Classification of the Terms of Contract:
Whilst terms of contract are defined as representations that are integral to a contract, some terms are more integral or important to the contract than others. The breach of these more important terms entitles the injured party to not only sue for damages, but to terminate the contract. These highly important terms are referred to as conditions, whilst those terms that are not as essential are referred to as warranties.
A condition is a fundamental or highly essential term of the contract which goes to the heart of the contract. When conditions are breached, the contract is robbed of essence and the injured party can terminate the contract and is free from obligation. It is usually not possible to assert that the contract is fulfilled till the conditions are fulfilled.
In Social Security Bank Ltd v CBAM Services Inc, the supreme court determined that a condition:
i. Goes to the whole root of the contract and not just a part of it.
ii. A breach of a condition makes further performance of the contract impossible.
iii. A condition affects the very substance of the contract.
These are minor terms whose breach only entitles the injured party to seek damages. In the case of Neoplan Ltd v Harmony Construction Co Ltd, warranty was defined as "a term of a contract which was collateral to the main purpose of the contract, that is, which is not so vital as to effect a discharge of the contract, if the circumstances are, or become inconsistent with it."

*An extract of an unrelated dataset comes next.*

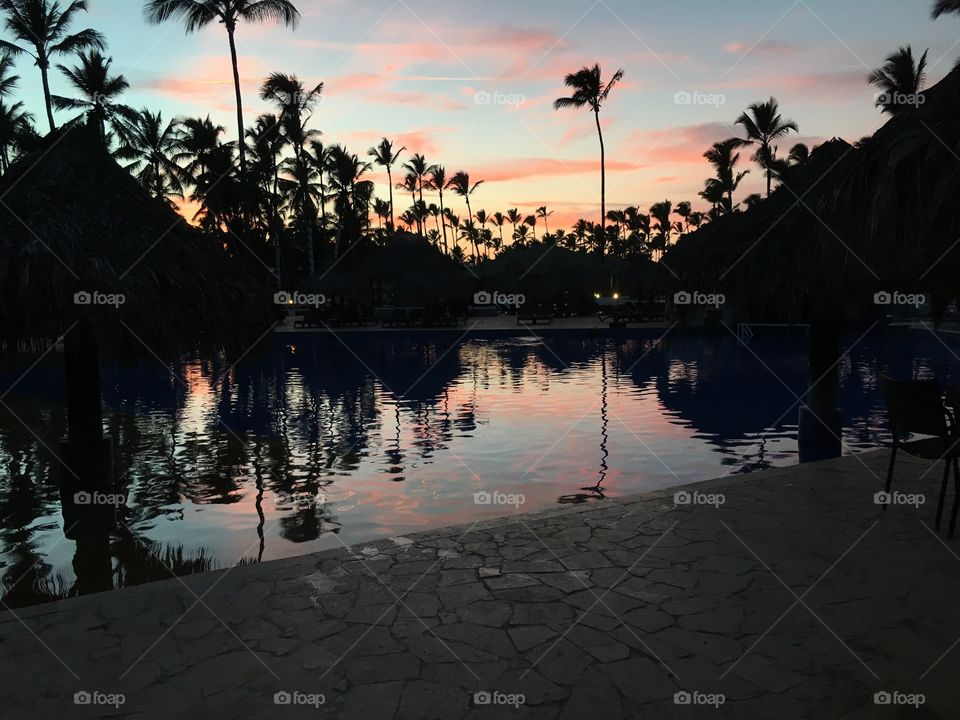 Beautiful sunset with the silhouette of palm trees by a swimming pool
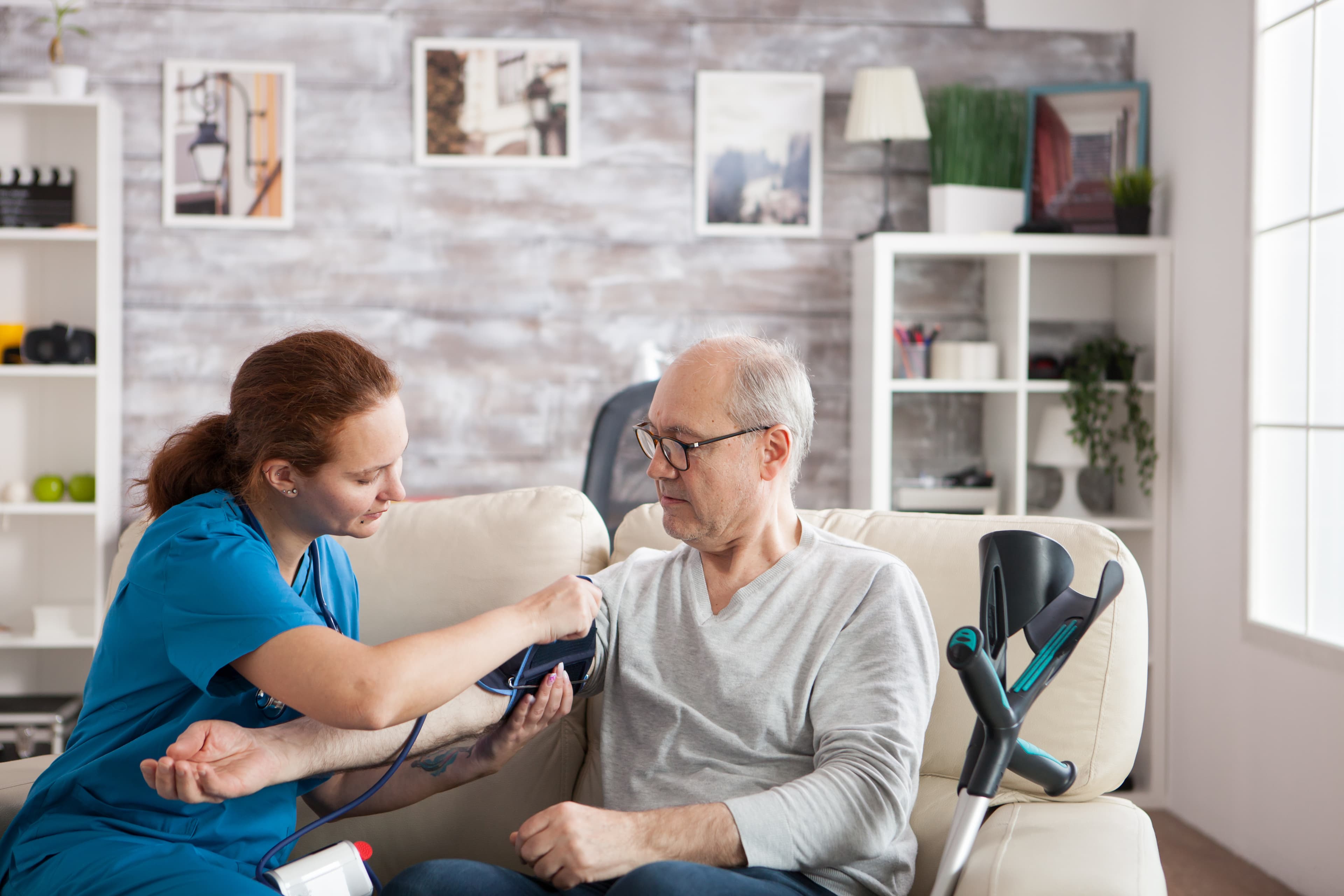 Nurse checking a patient's blood pressure at home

Understanding the Distinction Between Conditions and Warranties with Case Law:
In the case of Poussard v Spiers, the court held that the failure of an opera singer to show up for the first three days of a performance amounted to a breach of condition, since turning up especially for the first few days was at the heart of the contract between the parties.
In contrast, in the case of Bettini v Gye, the failure of the opera singer, Bettini, to show up for the rehearsals prior to the performance was seen as a breach of warranty which only entitled the injured party to damages and not to termination of the contract.
How the Courts Determine d Conditions and Warranties?
Initially, the courts looked at the significance of the term at the time of contracting. Significance could be determined by examining the language of the parties at time of contracting, inter alia.
When a particular term is considered a condition, its breach would entitle the injured party to terminate the contract irrespective of the effects or harms accruing from the breach. It was possible for a breach of condition to result in very little losses to the injured party, but they would still be entitled to terminate the contract. Also, serious consequences arising from a breach of a warranty only entitled the injured party to sue for damages and not to terminate the contract.
The Genesis of Innominate/intermediate Terms:
Whether a term constituted a condition or warranty was determined by the parties at the time the contract was made, not after the breach of the term.
However, there was a realization that not all terms of the contract can be pre-classified as conditions or warranties. Consequently, the courts developed the concept of innominate or intermediate terms where a particular term is considered a condition or warranty based on the consequences that accrue after a breach of such term. Sometimes, the parties may themselves classify a term as a condition only for the courts to assert that the term is a warranty based on the minor consequences that accrue from the breach of such terms.
An innominate term will become a condition if its breach results in serious consequences, and will become a warranty if its breach only results in minor consequences. The classification of an innominate term into a condition or warranty is thus only possible after a breach occurs.
For instance, in Hong Kong Fir Shipping Co. Ltd v. Kawasaki Kisen Kaisha Ltd , the failure of the plaintiff to ensure that the ship they let to the defendant was fit, would have ordinarily been considered a breach of a condition. However, in this case, the court used the concept of innominate terms to hold that since the consequences of the plaintiff’s breach were not so grave, the term was not a condition.
In the case of Cehave NV versus Bremer Handelsgesellschaft , there was an agreement for the sale of citrus pulp pellets which were to be in good condition. On arrival of the shipment, some pellets were damaged due to overheating. The buyer rejected the whole cargo. The court held that the “damaged” pellets were still usable for the purpose it was intended, and breach of the term to supply pellets that were in good condition was not sufficient enough to require termination of the contract.